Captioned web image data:
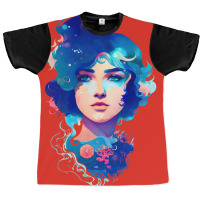 I'm The Ocean Graphic T-shirt | Artistshot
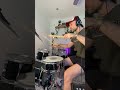 If the Zelda OST had modern drums #drums #drummers #zelda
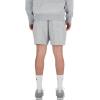 imageNew Balance Mens Sport Essentials French Terry Short 7quotAthletic Grey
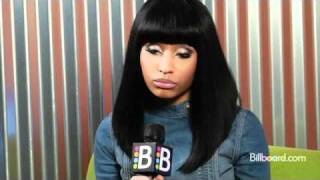 Nicki Minaj Interview about 2010 New Pink Friday Album Part 1 [upl. by Figueroa]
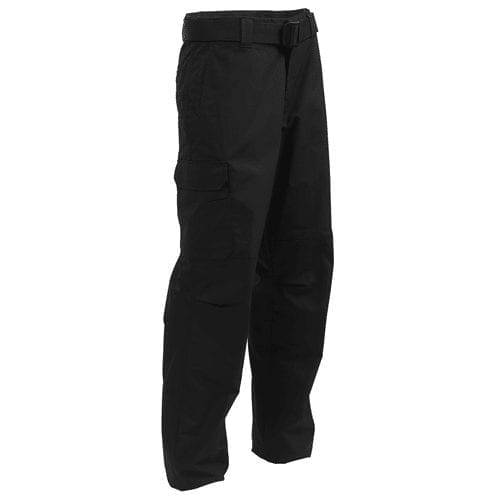 Elbeco ADU RipStop Cargo Pants - Black, 28
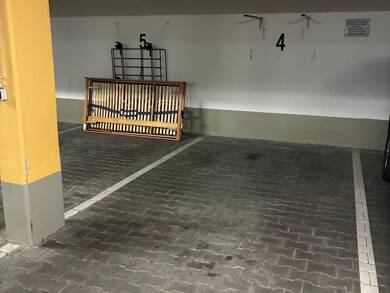 Tiefgarage zur Miete provisionsfrei 85 € 12 m² Rudolphstraße 1 Gärten b Wöhrd Nürnberg 90489
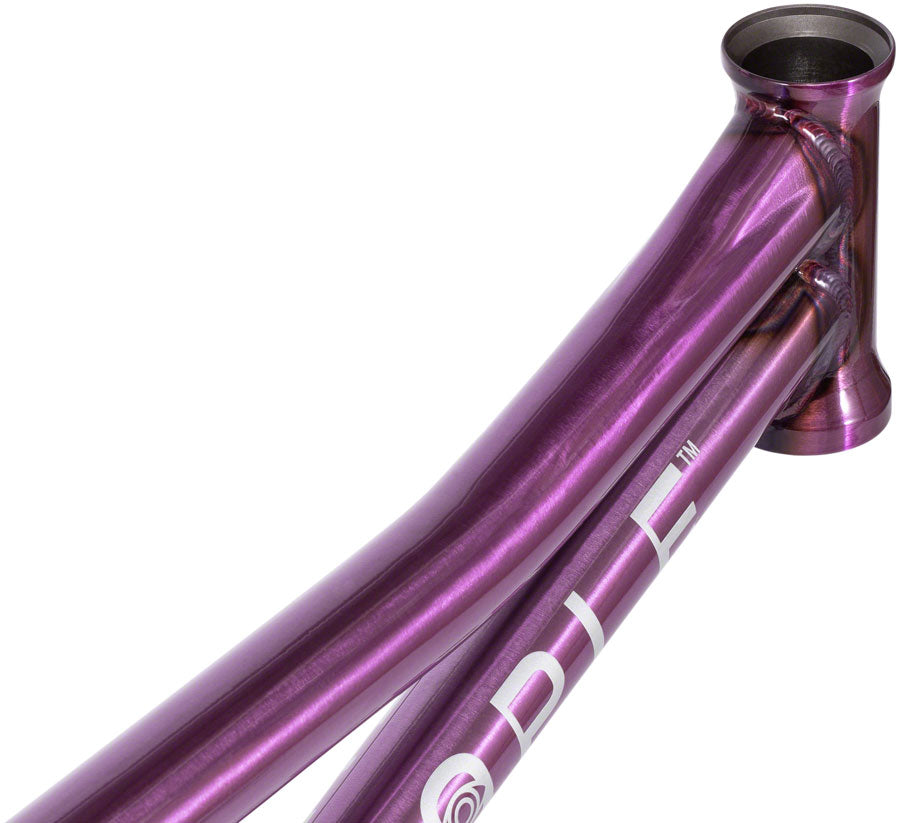 We The People Utopia BMX Frame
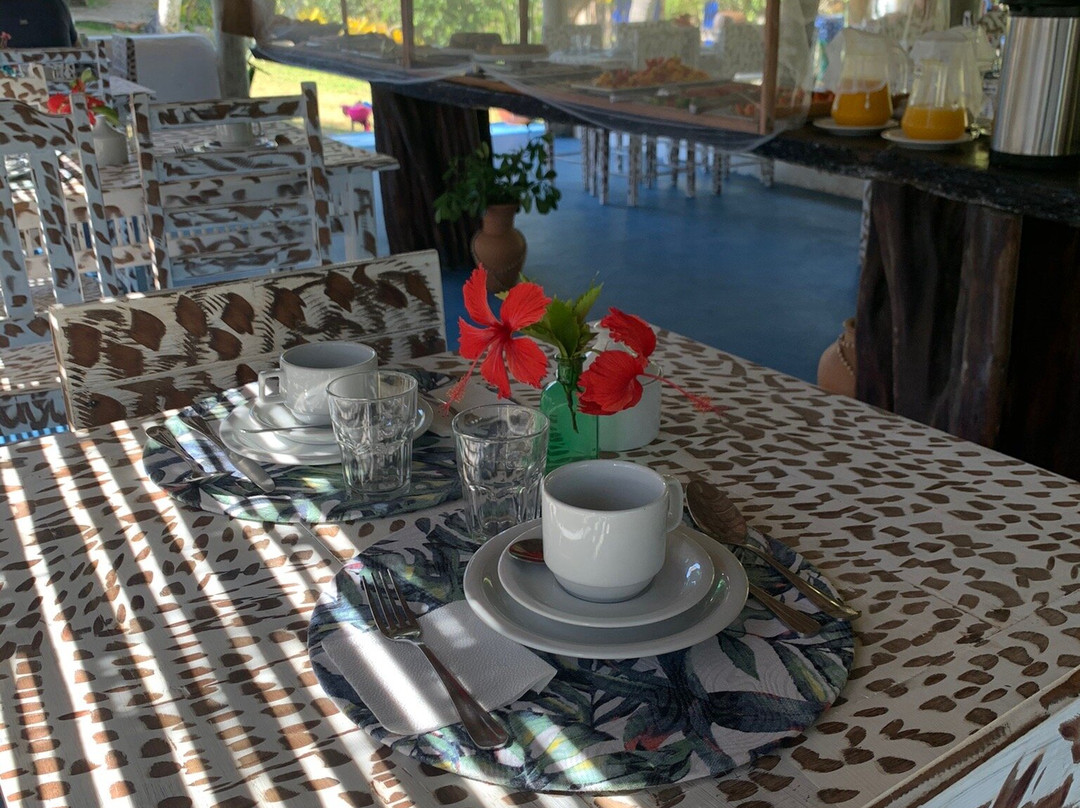 Pousada da Barra Caraiva主图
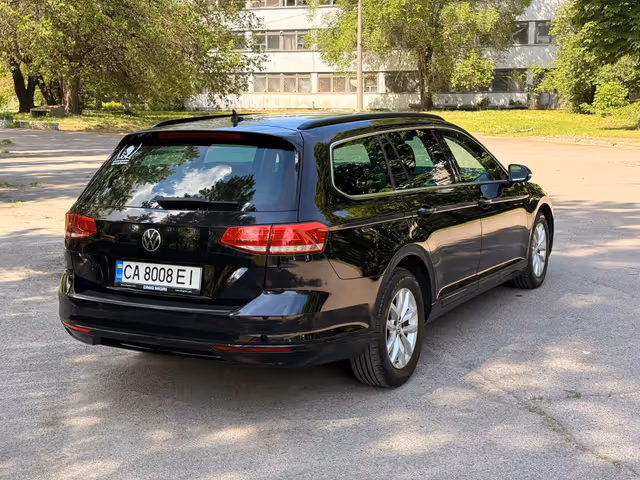 Volkswagen Passat - зображення 4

> [Directions for this task]:
Apart from the pictures, which are to be omitted, every record must be transcribed exactly.

> [Task solution]:
 I'm The Ocean Graphic T-shirt | Artistshot
 If the Zelda OST had modern drums #drums #drummers #zelda
 imageNew Balance Mens Sport Essentials French Terry Short 7quotAthletic Grey
 Nicki Minaj Interview about 2010 New Pink Friday Album Part 1 [upl. by Figueroa]
 Elbeco ADU RipStop Cargo Pants - Black, 28
 Tiefgarage zur Miete provisionsfrei 85 € 12 m² Rudolphstraße 1 Gärten b Wöhrd Nürnberg 90489
 We The People Utopia BMX Frame
 Pousada da Barra Caraiva主图
 Volkswagen Passat - зображення 4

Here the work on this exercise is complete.